PENOBSCOT NARROWS BRIDGE MAP AND OBSERVATORY TALLEST PUBLIC BRIDGE MAP OBSERVATORY IN THE WORLD
Crossing Penobscot River, Verona Island-Prospect, Maine Designer/Engineer FIGG Bridge Group Completed 2006 Span 1,161 feet (354 meters) Materials Concrete, steel Type Cable-stayed.
Once the community decided it was all about granite, new history was made.
The people of Verona Island-Prospect, Maine, treated the 1931 Waldo-Hancock Bridge, a suspension bridge that was deeply embedded in their landscape and in their hearts, as a member of the family. Consequently, after the Maine Department of Transportation (MaineDOT) determined that its corroded cables could not be repaired, the first hurdle was breaking the news to the community. The second was designing a replacement that residents would embrace, a challenge given their affection for the old bridge. These Mainers simply did not want a new bridge!
At the outset, FIGG Bridge Group, the designers, had few preconceptions about the new span but knew a cable-stayed bridge would take the least time and money. Made of precast concrete segments, it would last longer too.
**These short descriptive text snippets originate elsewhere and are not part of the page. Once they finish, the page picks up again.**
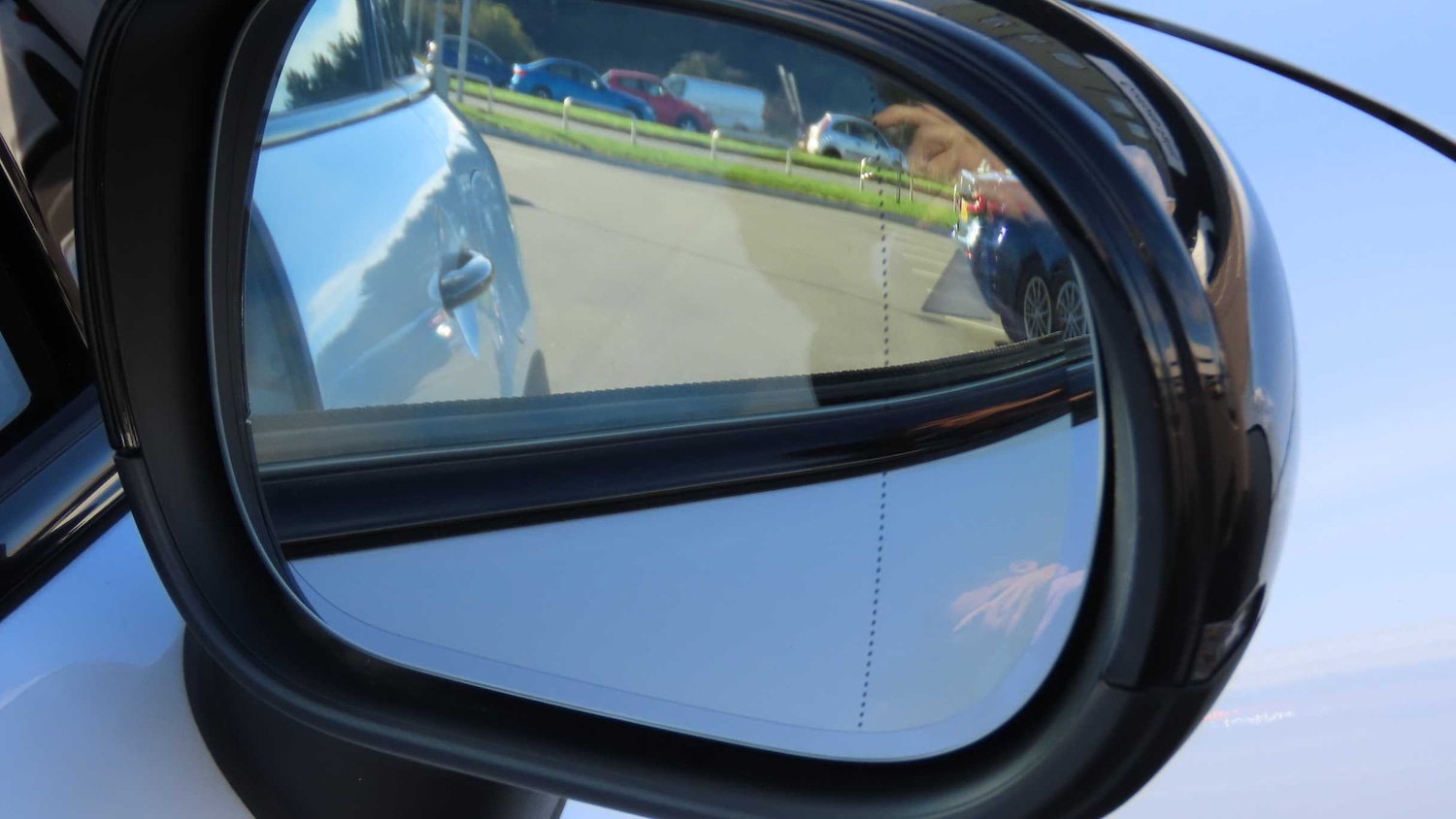 Used MINI Cooper 2024 for sale - 76373757: Photo 19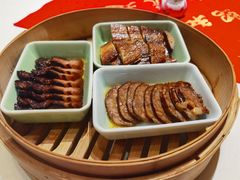 -孔乙己酒家(虹桥路店)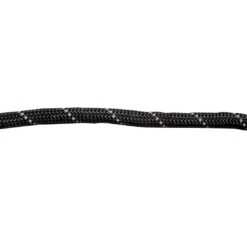 Rogz Sliphalsband Rope Zwart 11 Rogz Sliphalsband Rope Zwart -Beeztees Winkel RHBR0940A 1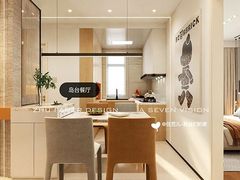 -住范儿家装·整体家装·装修设计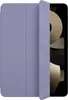 Apple Smart Folio für iPad Air (5th gen.) English Lavender Podgląd zdjęcia produktu 2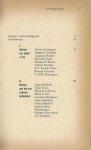 Clarke, John Henrik (samenstelling) - Harlem, U.S.A. The story of a city within a city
Years ago, FIGG began inviting residents near the site of a new bridge to have a say in its design, the best way to ensure that the bridge would be welcome and fully integrated into the community. FIGG CEO Linda Figg recalled asking residents at a Verona Island-Prospect session, “Who are you? What would you like the rest of the world to know about your community when they come to visit?” Responses from the no-nonsense Mainers were many, but boiled down to this: We are all about granite. Granite from nearby Mount Waldo was used to construct many of the nation’s monuments including, memorably, the Washington Monument.
PENOBSCOT NARROWS BRIDGE MAP AND OBSERVATORY TALLEST PUBLIC BRIDGE MAP OBSERVATORY IN THE WORLD Photo Gallery
That got FIGG’s designers thinking. Since the pylons had to be extremely tall for a span long enough to cross the Penobscot Narrows, why not shape them as obelisks, using the same tapered form as the Washington Monument, and clad them in granite, a nod to the region’s granite. From there, it was a short leap to a much bigger ideaone pylon would incorporate an observatory like the one at the top of Washington’s monument. The concept captured the community’s imagination, and it blossomed.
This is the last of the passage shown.